:: What you have to do ::
Type the listing below out again exactly. No images.

:: Dataset content ::
↓↓↓

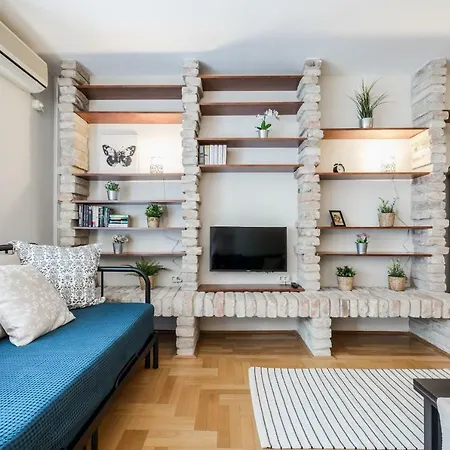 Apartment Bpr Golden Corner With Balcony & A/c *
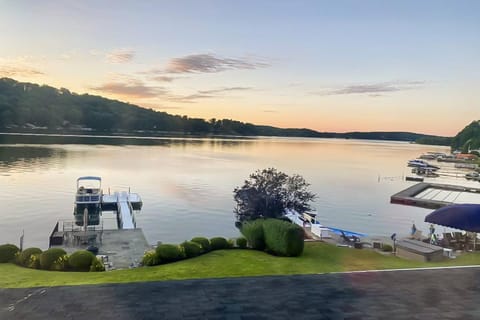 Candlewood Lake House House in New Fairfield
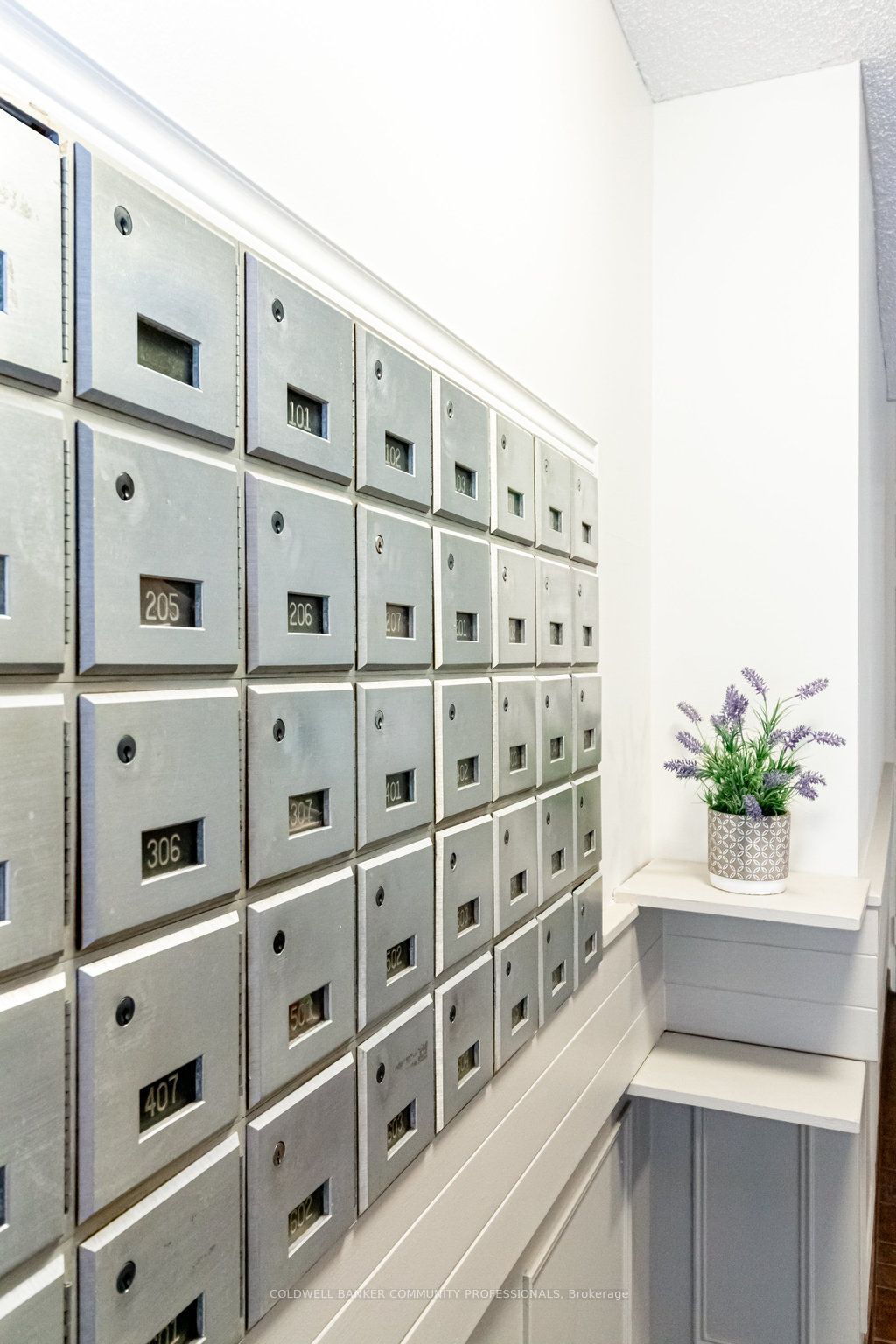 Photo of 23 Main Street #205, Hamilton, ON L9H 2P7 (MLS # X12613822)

↑↑↑

:: Result of this exercise ::
 Apartment Bpr Golden Corner With Balcony & A/c *
 Candlewood Lake House House in New Fairfield
 Photo of 23 Main Street #205, Hamilton, ON L9H 2P7 (MLS # X12613822)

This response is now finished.